Die Stimmung im Team sei aber trotzdem richtig gut. „Es ist pure Vorfreude auf dieses Derby und der Konkurrenzkampf für die Startelf ist hoch. Auf unserem eigenen Platz zu spielen, liegt uns sowieso.“
Die Statistik ist auf Seite der Gegnerinnen
Für Union dürfte es das bislang wichtigste Spiel in der Regionalliga werden: Beide Teams sind noch ungeschlagen und dass Türkiyemspor auf Platz drei, hinter Tabellenführer Union und Viktoria Berlin, steht, liegt nur daran, dass sie ein Spiel weniger bestritten haben. „Türkiyemspor ist eine Mannschaft, die individuell gut besetzt ist und sich vermutlich nicht komplett aufs Verteidigen reduziert, sondern auch selbst Tore machen will.“
Die Kreuzbergerinnen seien eine Truppe, die zusammenhalte und aus ihrer familiären Atmosphäre viel Kraft ziehe. Auch die Statistik ist auf ihrer Seite: Bei allen drei Partien setzten sie sich zuletzt gegen Union durch und schmissen die Köpenickerinnen vor einem Jahr sogar aus dem Pokal.
Seither hat sich bei den Gastgeberinnen allerdings einiges verändert, auch strukturell, denn Union investiert seit dieser Saison verstärkt in die Frauenabteilung. Das spiegelt sich darin wider, dass alle Spielerinnen Vertragsspielerinnen sind und sowohl Poese als auch ihr Kollege Sven Gruel hauptamtlich als Trainer*innen tätig sind. „Ich fand die Idee von Anfang an interessant“, sagt Poese. Besonders gut gefalle ihr, dass es nicht als Projekt bezeichnet werde da ein Projekt meist nach ein paar Jahren ende.

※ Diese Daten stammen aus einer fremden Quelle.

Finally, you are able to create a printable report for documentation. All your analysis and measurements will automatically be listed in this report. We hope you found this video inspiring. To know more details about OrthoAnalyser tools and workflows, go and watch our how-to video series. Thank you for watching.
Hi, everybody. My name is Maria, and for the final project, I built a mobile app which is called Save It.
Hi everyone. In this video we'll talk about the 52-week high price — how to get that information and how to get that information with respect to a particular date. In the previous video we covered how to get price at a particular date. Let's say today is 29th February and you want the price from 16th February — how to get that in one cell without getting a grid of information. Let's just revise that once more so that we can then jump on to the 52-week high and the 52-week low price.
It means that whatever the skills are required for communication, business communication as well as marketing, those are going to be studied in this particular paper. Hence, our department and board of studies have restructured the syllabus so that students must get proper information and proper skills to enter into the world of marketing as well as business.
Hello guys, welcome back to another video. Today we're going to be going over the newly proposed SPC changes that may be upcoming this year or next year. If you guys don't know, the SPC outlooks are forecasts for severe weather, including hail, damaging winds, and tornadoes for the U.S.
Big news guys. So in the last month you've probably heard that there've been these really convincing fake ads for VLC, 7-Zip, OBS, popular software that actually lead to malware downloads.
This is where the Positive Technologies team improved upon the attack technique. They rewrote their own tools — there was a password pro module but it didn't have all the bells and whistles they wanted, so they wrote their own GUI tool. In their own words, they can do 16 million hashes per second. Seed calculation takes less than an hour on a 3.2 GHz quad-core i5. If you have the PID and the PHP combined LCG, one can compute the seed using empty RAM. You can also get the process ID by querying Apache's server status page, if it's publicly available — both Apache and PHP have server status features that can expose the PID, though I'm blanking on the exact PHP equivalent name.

„Ich finde es sinnvoll, erstmal die Basis mit der Hauptamtlichkeit zu erhöhen und dann zu schauen, welchen Bedarf es aus der Mannschaft gibt.“ Bisher gelinge die Kommunikation über Mannschaftsrat und Trainer*innen aus ihrer Sicht gut. „Wir sind schnell darauf gekommen, dass wir zum Beispiel mehrere Physiotherapeuten brauchen.“
Zusammenarbeit mit der U23 und U17
Trotzdem ist es ihr wichtig, dass die anderen Teams des Vereins nicht in Vergessenheit geraten. „Es geht nicht darum, die erste Frauenmannschaft zu protegieren und die anderen müssen irgendwie alleine klarkommen, sondern es geht um einen ganzheitlichen Ansatz, der beim Kinderfußball anfängt.“ Deshalb stehen sie und ihre Kolleg*innen im regelmäßigen Austausch mit der U23 und der U17, bei denen einige Spielerinnen aus dem ersten Team zudem regelmäßig im Einsatz sind.

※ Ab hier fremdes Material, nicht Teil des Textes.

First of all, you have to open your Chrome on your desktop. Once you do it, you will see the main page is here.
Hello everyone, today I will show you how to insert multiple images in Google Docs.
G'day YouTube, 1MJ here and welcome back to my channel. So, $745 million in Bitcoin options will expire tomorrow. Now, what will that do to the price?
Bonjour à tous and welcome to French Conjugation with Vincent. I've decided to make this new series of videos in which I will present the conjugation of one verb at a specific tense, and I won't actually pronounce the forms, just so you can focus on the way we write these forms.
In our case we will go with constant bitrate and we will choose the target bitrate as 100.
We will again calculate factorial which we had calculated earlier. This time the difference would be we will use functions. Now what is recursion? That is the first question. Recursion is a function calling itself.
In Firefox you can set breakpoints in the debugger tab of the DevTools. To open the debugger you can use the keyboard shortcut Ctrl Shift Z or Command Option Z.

Auch Poese wurde im Rahmen der neuen Fokussierung angeheuert. Zuvor war sie für den Deutschen-Fußball-Bund (DFB) als Match-Scout bei der Europameisterschaft tätig und analysierte dort die kommenden Gegner des Nationalteams. „Der große Vorteil war, dass ich immer gute Videos zur Verfügung hatte. Das ist in der Regionalliga nicht der Fall.“ Bei einigen Spielen hat Union deshalb jemanden vor Ort, der die Teams beobachtet.
Es geht nicht darum, die erste Frauenmannschaft zu protegieren und die anderen müssen irgendwie alleine klarkommen.
Ailien Poese
Poese hat den Eindruck, dass die Fußballerinnen seit der EM präsenter bei Fans und Fußballinteressierten sind. Das sei auch im kleineren Rahmen, in der Regionalliga, spürbar: Seit September trainieren die Unionerinnen in der Hämmerlingstraße, wo auch die Jugendteams trainieren. Dort gäbe es immer wieder Kinder und Jugendliche, die unbedingt die ersten Frauen sehen wollten, erzählt Poese. „Ich finde das toll, weil es so nahbar ist. Die Nähe zu den Fans ist eben doch eine andere als bei den männlichen Profis. Das ist ein großes Plus.“
Ein großes Plus ist für Poese auch die Rückkehr zu ihren fußballerischen Wurzeln. Sie war selbst über zehn Jahre lang als Spielerin bei Union aktiv und trainierte mehrere Teams, bevor sie 2013 zum Berliner Fußballverband wechselte. „Es ist schön wieder ein festes Zuhause zu haben. Das ist ganz anders als aus dem Koffer zu leben.“
Wie lang sie noch in ihrer Funktion als Trainerin bleibt, werde die Zeit zeigen. Aber sie hat „nicht vor, im nächsten Jahr die Zelte abzubauen“. Erst einmal will sie sowieso mit dem Team in die Zweite Liga aufsteigen, einen wichtigen Schritt könnten sie am Sonntag (14 Uhr) gehen.